Si la possibilité de divergences de jurisprudence est inhérente à tout système judiciaire, qui repose sur un ensemble de juridictions du fond ayant autorité sur leur ressort territorial, le rôle d'une juridiction suprême est précisément de régler ces contradictions. Or, quand la plus Haute juridiction est à l'origine de décisions contradictoires ne reposant sur aucune raison valable, elle devient elle-même source d'insécurité juridique et risque de saper la confiance du public dans le système judiciaire. Telle est la substance de la décision rendue par la CEDH le 31 mars 2015 (CEDH, 31 mars 2015, Req. 43807/06
N° Lexbase : A7217NEZ ; voir, en ce sens, CEDH, 28 octobre 1999, Req. 24846/94
N° Lexbase : A7567AW8). En l'espèce, le capital d'une société de droit roumain fut détenu par l'Etat jusqu'en 1997, lorsqu'elle fut privatisée et que son capital fut transféré à des investisseurs privés.

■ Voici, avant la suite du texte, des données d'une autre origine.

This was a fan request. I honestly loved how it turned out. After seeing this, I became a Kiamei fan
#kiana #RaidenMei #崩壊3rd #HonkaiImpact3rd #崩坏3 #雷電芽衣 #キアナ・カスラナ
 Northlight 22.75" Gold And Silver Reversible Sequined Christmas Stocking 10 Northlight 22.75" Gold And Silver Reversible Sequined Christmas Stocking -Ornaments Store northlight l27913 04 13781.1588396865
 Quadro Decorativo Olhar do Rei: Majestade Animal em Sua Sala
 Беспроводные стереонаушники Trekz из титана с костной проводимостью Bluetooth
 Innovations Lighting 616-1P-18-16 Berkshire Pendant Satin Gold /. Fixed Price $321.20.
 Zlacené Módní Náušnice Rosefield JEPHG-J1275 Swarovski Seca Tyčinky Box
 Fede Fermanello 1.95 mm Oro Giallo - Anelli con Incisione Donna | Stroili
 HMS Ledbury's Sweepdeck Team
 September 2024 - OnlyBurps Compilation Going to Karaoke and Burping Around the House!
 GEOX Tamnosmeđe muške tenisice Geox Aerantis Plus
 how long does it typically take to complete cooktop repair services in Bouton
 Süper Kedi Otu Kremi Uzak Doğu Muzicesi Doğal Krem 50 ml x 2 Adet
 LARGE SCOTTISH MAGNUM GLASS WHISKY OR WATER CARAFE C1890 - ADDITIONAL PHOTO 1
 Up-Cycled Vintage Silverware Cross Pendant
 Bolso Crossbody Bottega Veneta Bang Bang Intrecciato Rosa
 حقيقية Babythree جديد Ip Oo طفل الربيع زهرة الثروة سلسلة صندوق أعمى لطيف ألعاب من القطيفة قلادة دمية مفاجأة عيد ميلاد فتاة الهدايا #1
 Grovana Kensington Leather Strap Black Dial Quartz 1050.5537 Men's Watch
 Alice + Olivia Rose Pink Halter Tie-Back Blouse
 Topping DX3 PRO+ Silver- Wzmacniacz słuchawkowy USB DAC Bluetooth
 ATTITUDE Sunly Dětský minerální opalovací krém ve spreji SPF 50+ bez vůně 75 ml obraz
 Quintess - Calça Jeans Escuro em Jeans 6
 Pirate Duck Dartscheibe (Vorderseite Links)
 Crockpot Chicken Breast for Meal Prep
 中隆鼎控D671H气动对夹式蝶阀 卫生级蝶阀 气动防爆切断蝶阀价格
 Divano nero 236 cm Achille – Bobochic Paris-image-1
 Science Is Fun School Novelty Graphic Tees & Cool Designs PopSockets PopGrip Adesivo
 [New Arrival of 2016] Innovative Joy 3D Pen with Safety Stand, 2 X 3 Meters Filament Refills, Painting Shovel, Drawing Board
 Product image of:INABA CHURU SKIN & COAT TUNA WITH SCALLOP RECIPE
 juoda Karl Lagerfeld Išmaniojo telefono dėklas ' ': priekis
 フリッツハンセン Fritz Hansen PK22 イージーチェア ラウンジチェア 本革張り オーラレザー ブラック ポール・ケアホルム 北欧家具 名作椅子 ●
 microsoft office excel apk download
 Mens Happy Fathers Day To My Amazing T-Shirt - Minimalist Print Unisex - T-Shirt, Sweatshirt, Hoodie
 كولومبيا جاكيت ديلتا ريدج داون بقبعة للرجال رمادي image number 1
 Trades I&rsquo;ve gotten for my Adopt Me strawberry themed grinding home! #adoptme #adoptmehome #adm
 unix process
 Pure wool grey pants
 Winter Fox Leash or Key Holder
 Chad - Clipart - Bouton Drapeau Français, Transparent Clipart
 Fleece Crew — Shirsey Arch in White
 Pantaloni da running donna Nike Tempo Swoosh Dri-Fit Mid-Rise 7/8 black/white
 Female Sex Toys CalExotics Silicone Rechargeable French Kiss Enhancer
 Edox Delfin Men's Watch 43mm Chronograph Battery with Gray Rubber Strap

La requérante s'estima alors lésée, le ministère des Finances ayant cédé en 1990 une partie des créances dont elle était titulaire à un prix inférieur à ce qui était prévu initialement. Elle introduisit deux actions en dommages et intérêts contre le ministère des Finances, qui fut condamné, par un jugement du 31 mai 1999 et un jugement du 1er février 2000, à verser au total 20 millions de dollars américains de dommages et intérêts à la requérante. En février 2005, cette dernière réclama la condamnation du ministère à lui verser des intérêts pour l'exécution tardive de ces jugements. Concernant l'exécution du jugement du 31 mai 1999, la Haute Cour de cassation et de justice estima que la requérante avait droit à des indemnités de retard. En revanche, par un arrêt définitif du 23 mai 2006, elle rejeta la demande relative à l'exécution du jugement du 1er février 2000. Elle estima, en effet, que le droit à des intérêts était accessoire à la créance établie par le jugement en question. Elle en conclut que le droit de réclamer des intérêts était soumis au même délai de prescription que la créance principale, à savoir trois ans à compter de la date à laquelle le jugement établissant celle-ci était devenu définitif. Invoquant l'article 6 § 1 de la CESDH (
N° Lexbase : L7558AIR) (droit à un procès équitable), la société requérante dénonçait une atteinte au principe de la sécurité juridique en raison du rejet de son action par l'arrêt définitif du 23 mai 2006 de la Haute Cour de cassation et de justice. Elle se plaignait également de ce rejet également sous l'angle de l'article 1 du Protocole n° 1 (
N° Lexbase : L1625AZ9) (protection de la propriété). La CEDH retient sa requête et admet la violation de l'article 6 de la CESDH.